Green Mountain is a leader in the emerging single-serve coffee market. The company markets and sells traditional coffee, but the bulk of its business is now in single-serve K-cups and the Keurig brewing system.

In its lawsuit, the Louisiana Municipal Police Employees’ Retirement System says Green Mountain overstated its successes.

“The company was portrayed to the investing public as a healthy and growing business, with rapidly increasing revenues … one of the hottest stories on the NASDAQ Global Market,” the lawsuit claims.

Data breach at supermarket chain affects 80 people

Scores of employees and customers of a supermarket chain have had their account information compromised after thieves tampered with debit and credit card readers in self-checkout lines in Northern California.

Lucky Supermarkets, which disclosed the breach on Monday, said 80 people were affected at 23 of its San Francisco Bay area stores, some of whom had money stolen from their accounts. But there were indications that number could be even higher.

Police in Petaluma said at least 57 people reported money being stolen from their bank accounts after using a self-checkout line.

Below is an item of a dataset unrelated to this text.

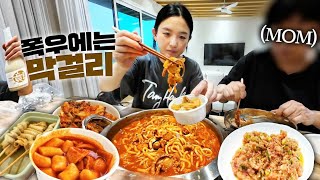 ฉลองเทศกาล Goesan😝 Seong Sikyung Makgeolli, Nakhimsae, ซุปปลาดิบ, ของว่าง Mukbang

Despite fires, Chevy Volt is safe to drive, LaHood says

Transportation Secretary Ray LaHood says the Chevy Volt is safe to drive even though the government is investigating fires caused by damage to the electric car’s battery.

LaHood told reporters Tuesday that his department isn’t trying to protect the maker of the Chevrolet Volt, General Motors, from possible repercussions from the government’s safety investigation.

Transportation officials launched a formal safety investigation after a Volt damaged in government crash-testing and two similarly damaged Volt battery packs set off fires.

Unemployment rate falls in majority of big U.S. cities

Unemployment rates fell in three-quarters of large U.S. cities in October, a sign that the job market is picking up broadly across the country.

The Labor Department said Tuesday that unemployment rates fell in 281 metro areas. They rose in 57 and were unchanged in 34. That’s slightly better than September’s showing and is the largest number of cities to report a drop since April.

The metro area unemployment data aren’t adjusted for seasonal variations, so they can be volatile.
Nationwide, the unemployment rate was unchanged in October at 9 percent. Last week, the government said the nationwide rate fell to 8.6 percent in November, the lowest level in 2  years.

Employers added about 120,000 net jobs. Still, a big reason the unemployment rate fell was because more people said they have given up on their job searches and dropped out of the work force.